==== Excerpted records

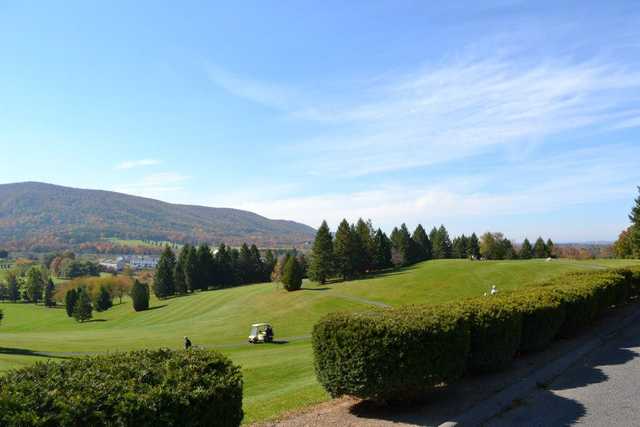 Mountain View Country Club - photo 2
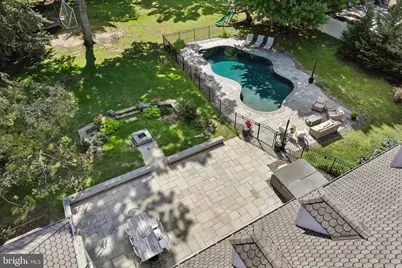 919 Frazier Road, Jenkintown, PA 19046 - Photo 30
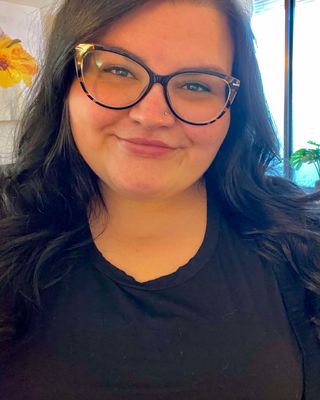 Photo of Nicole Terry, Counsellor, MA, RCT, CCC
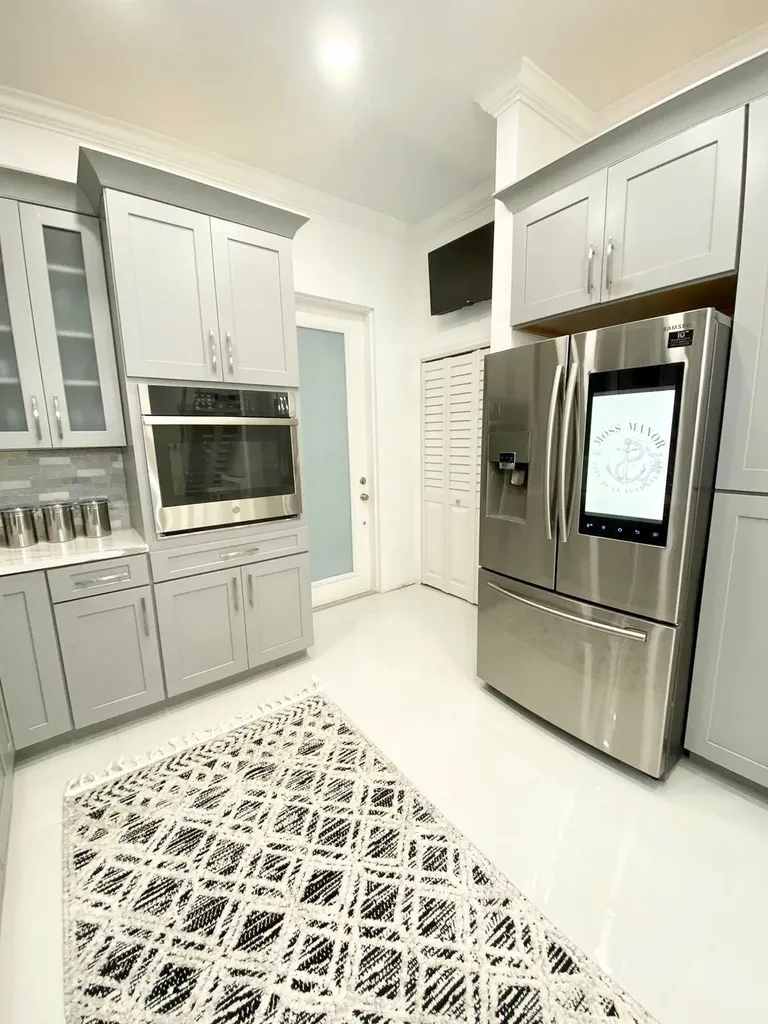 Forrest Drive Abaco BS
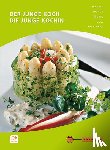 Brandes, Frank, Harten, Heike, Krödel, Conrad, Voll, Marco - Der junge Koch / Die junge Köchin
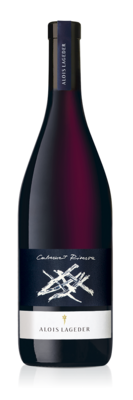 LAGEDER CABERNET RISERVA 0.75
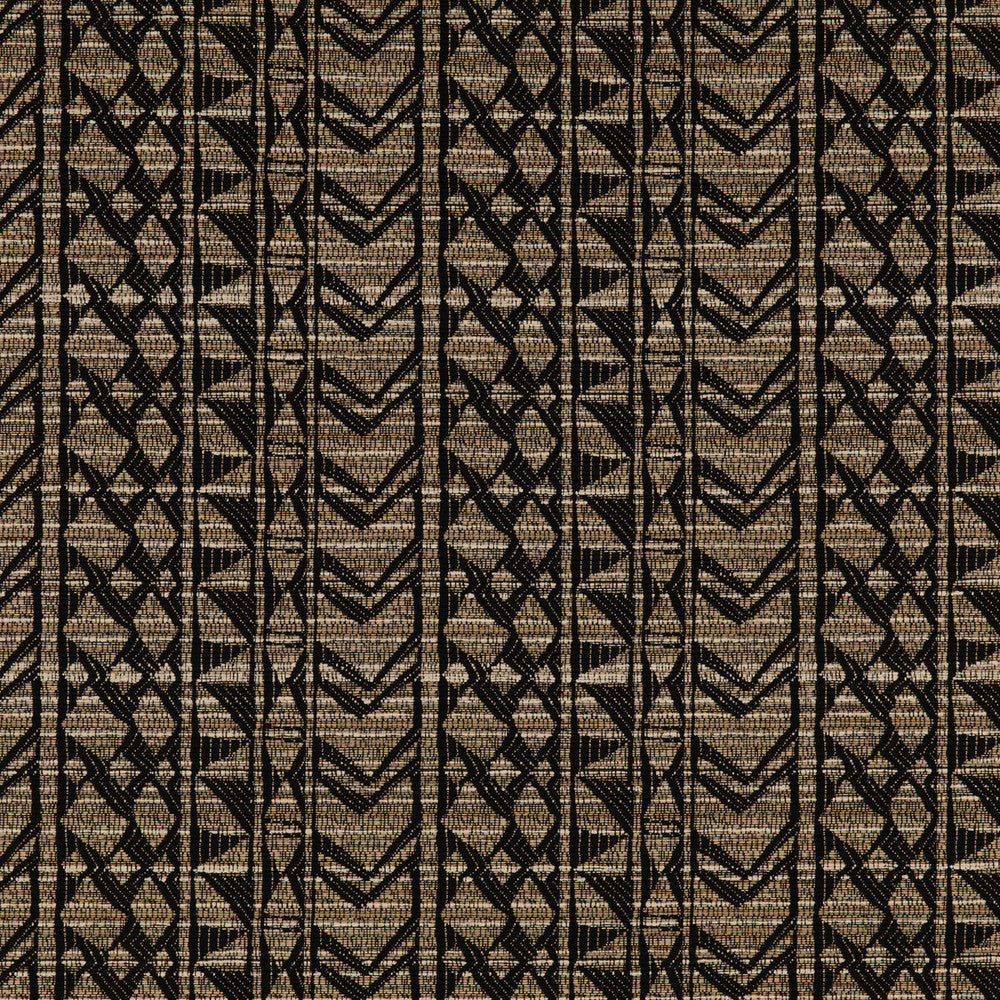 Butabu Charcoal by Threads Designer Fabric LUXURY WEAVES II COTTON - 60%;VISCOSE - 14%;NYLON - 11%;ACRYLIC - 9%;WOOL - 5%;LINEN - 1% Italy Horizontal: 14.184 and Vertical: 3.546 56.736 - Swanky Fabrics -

========
==== Excerpted records

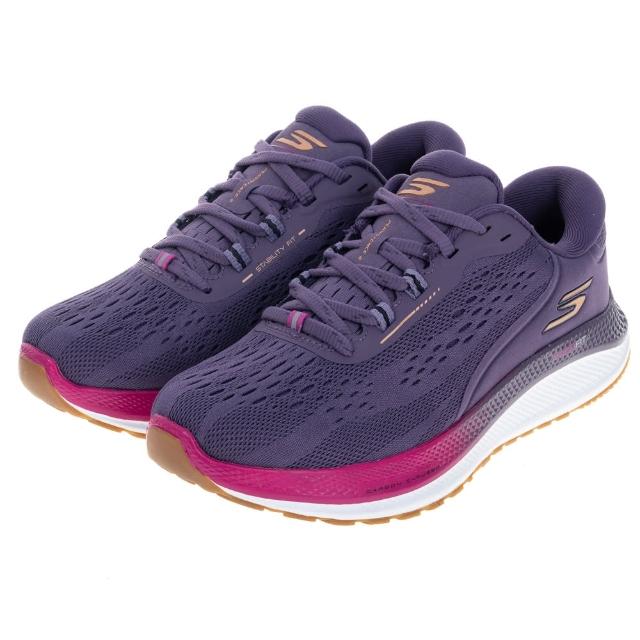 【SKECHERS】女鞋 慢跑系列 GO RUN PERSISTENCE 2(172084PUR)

========
==== Excerpted records

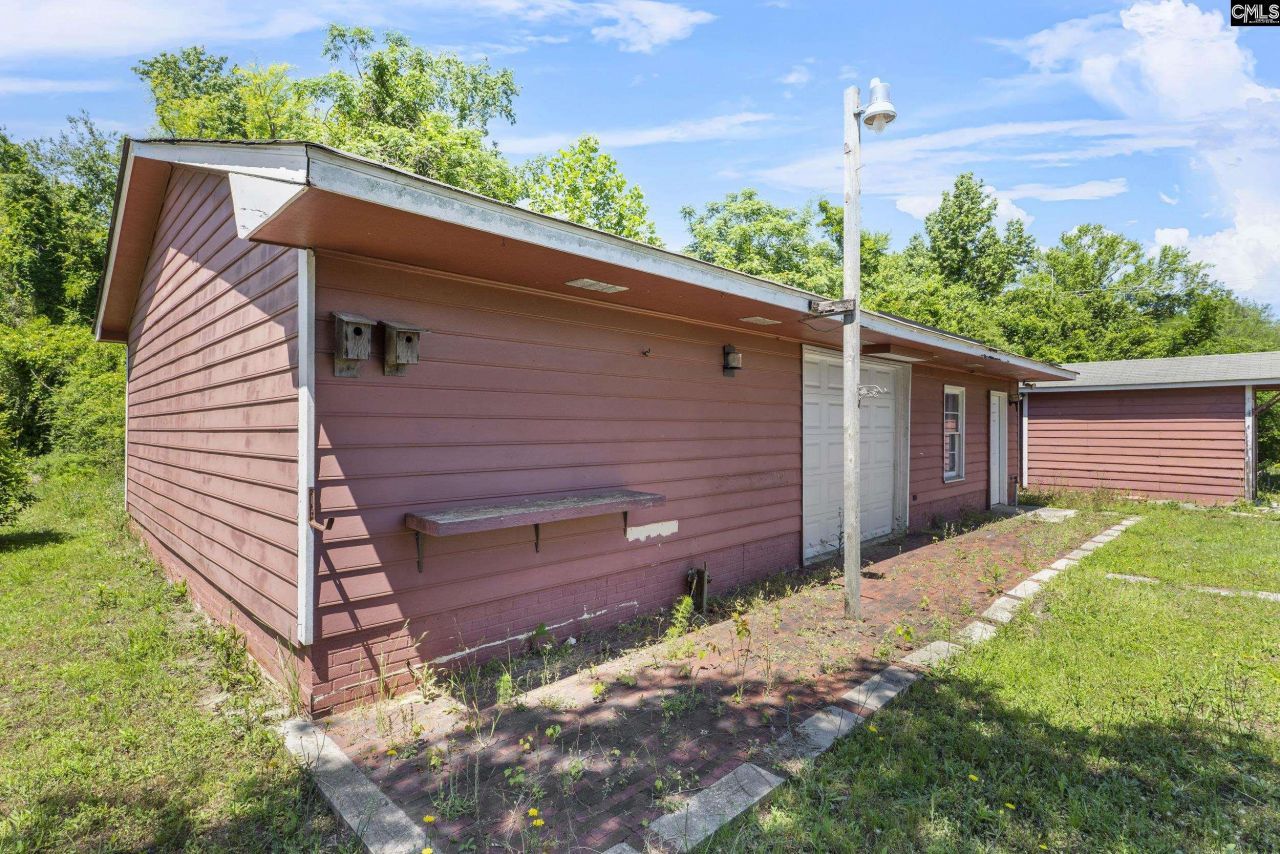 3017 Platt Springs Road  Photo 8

========

Although the records above contain pictures, the copy must not; set down exactly the lines from the one with "Forrest Drive Abaco BS" up to and including the one with "Butabu Charcoal by".

 Forrest Drive Abaco BS
 Brandes, Frank, Harten, Heike, Krödel, Conrad, Voll, Marco - Der junge Koch / Die junge Köchin
 LAGEDER CABERNET RISERVA 0.75
 Butabu Charcoal by Threads Designer Fabric LUXURY WEAVES II COTTON - 60%;VISCOSE - 14%;NYLON - 11%;ACRYLIC - 9%;WOOL - 5%;LINEN - 1% Italy Horizontal: 14.184 and Vertical: 3.546 56.736 - Swanky Fabrics -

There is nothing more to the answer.